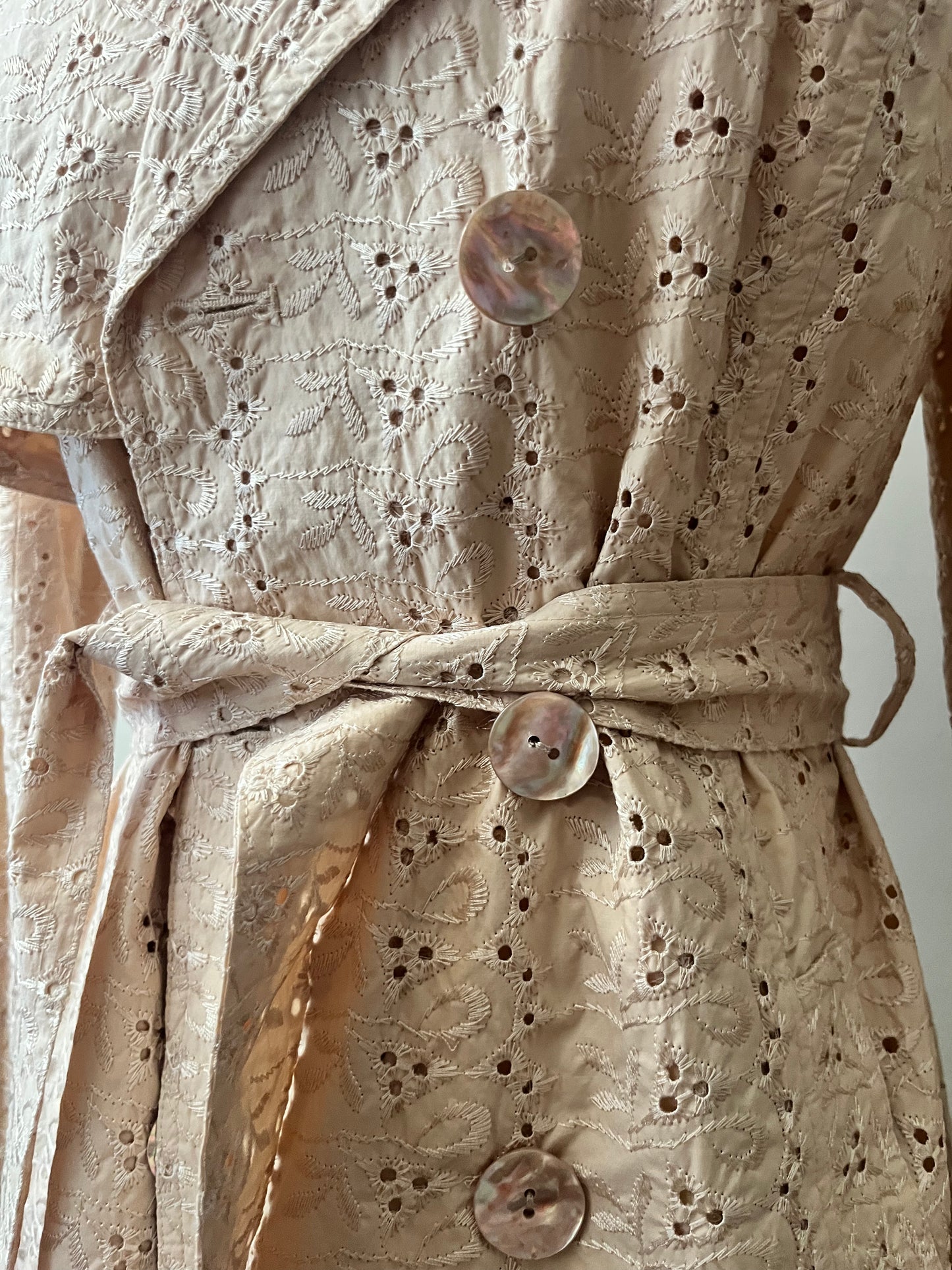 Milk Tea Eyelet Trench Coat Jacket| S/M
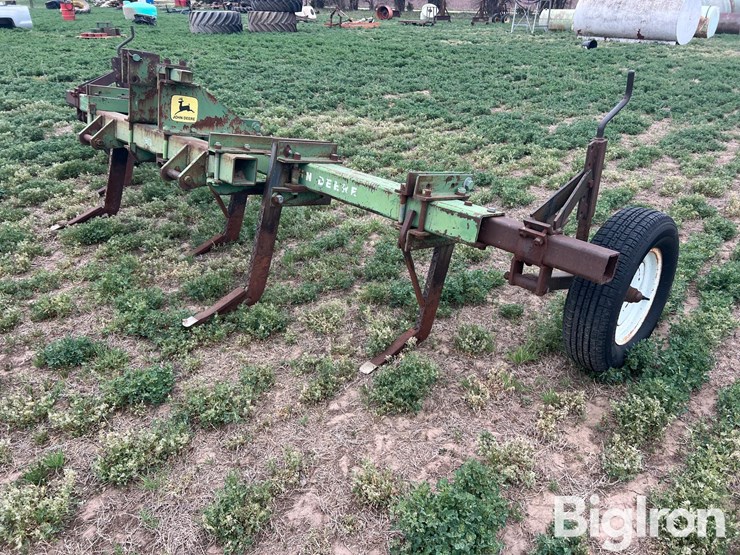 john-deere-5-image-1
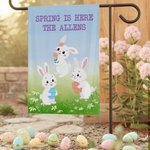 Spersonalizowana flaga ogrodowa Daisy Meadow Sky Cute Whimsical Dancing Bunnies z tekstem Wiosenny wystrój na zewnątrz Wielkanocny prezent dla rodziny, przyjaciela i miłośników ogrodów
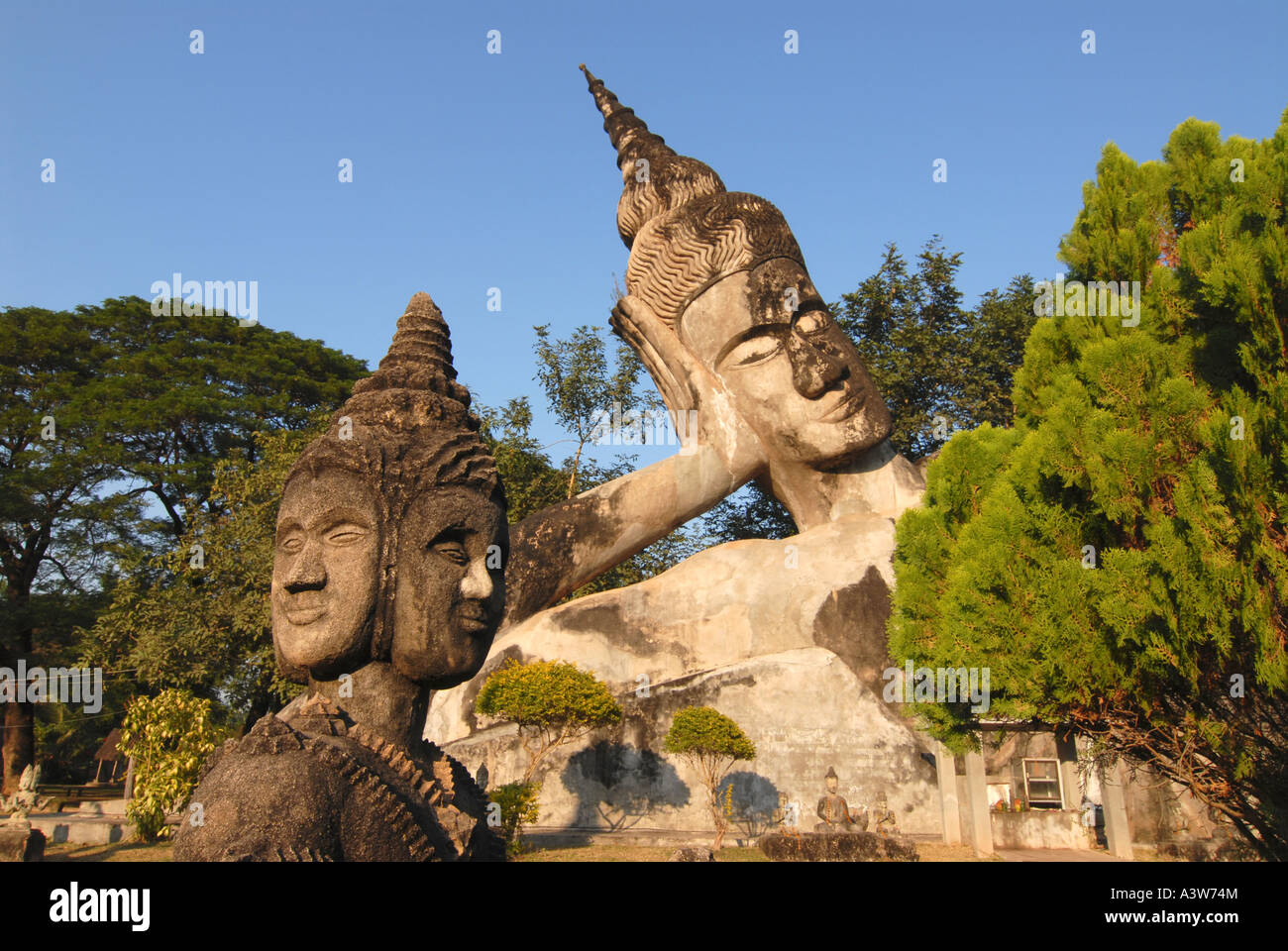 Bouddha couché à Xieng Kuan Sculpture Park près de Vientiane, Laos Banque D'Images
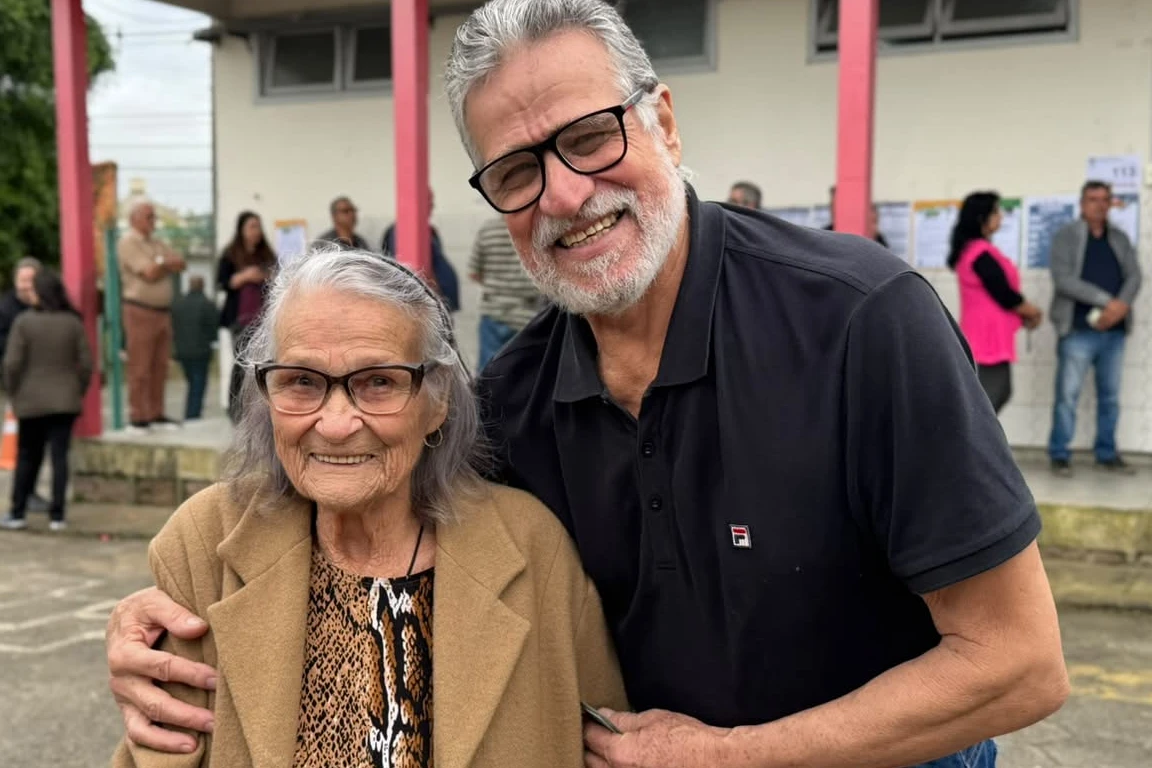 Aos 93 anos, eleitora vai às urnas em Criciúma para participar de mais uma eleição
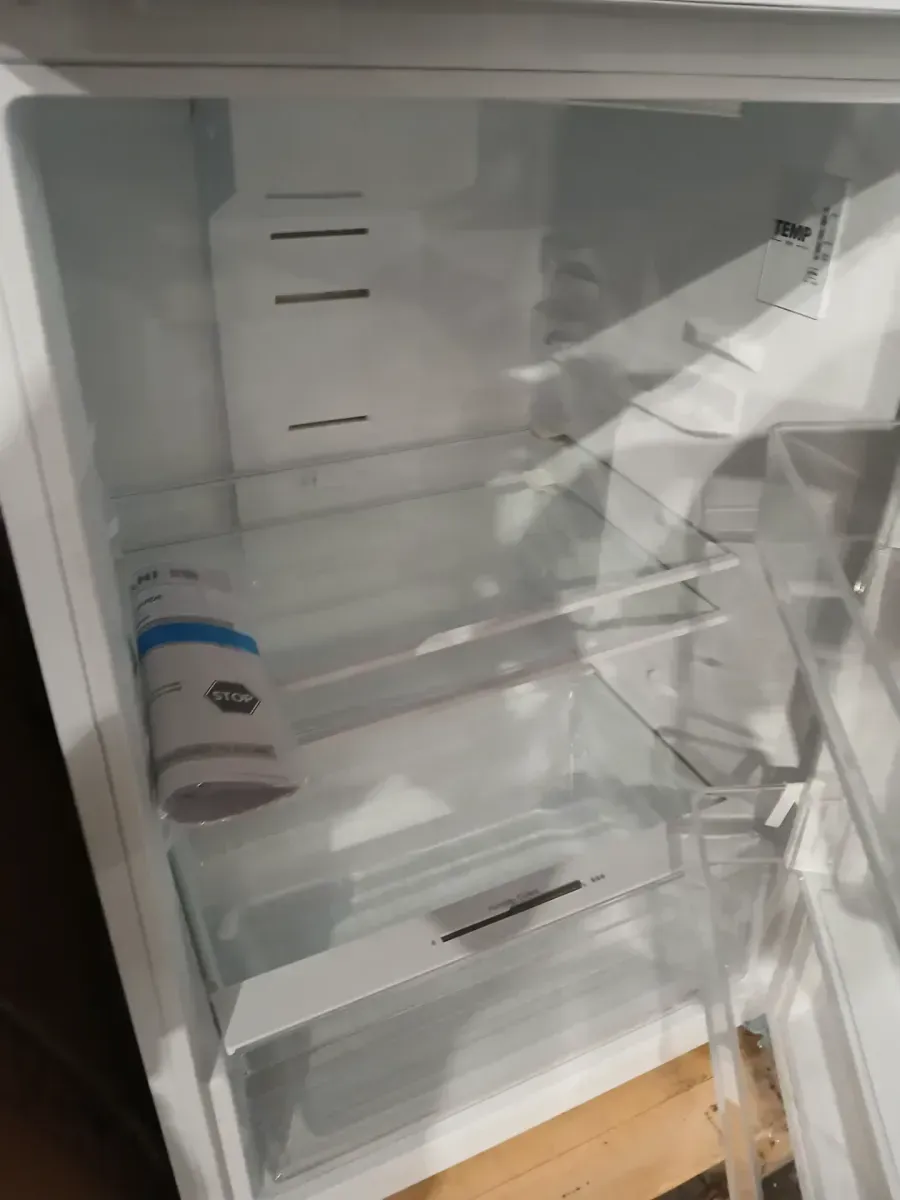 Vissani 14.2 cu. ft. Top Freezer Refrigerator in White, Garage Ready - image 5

▶ **TASK OBJECTIVE**
Write the records out again in full, exactly, and skip every picture.

▶ **EXERCISE RESULT**
 Milk Tea Eyelet Trench Coat Jacket| S/M
 john-deere-5-image-1
 Spersonalizowana flaga ogrodowa Daisy Meadow Sky Cute Whimsical Dancing Bunnies z tekstem Wiosenny wystrój na zewnątrz Wielkanocny prezent dla rodziny, przyjaciela i miłośników ogrodów
 Bouddha couché à Xieng Kuan Sculpture Park près de Vientiane, Laos Banque D'Images
 Aos 93 anos, eleitora vai às urnas em Criciúma para participar de mais uma eleição
 Vissani 14.2 cu. ft. Top Freezer Refrigerator in White, Garage Ready - image 5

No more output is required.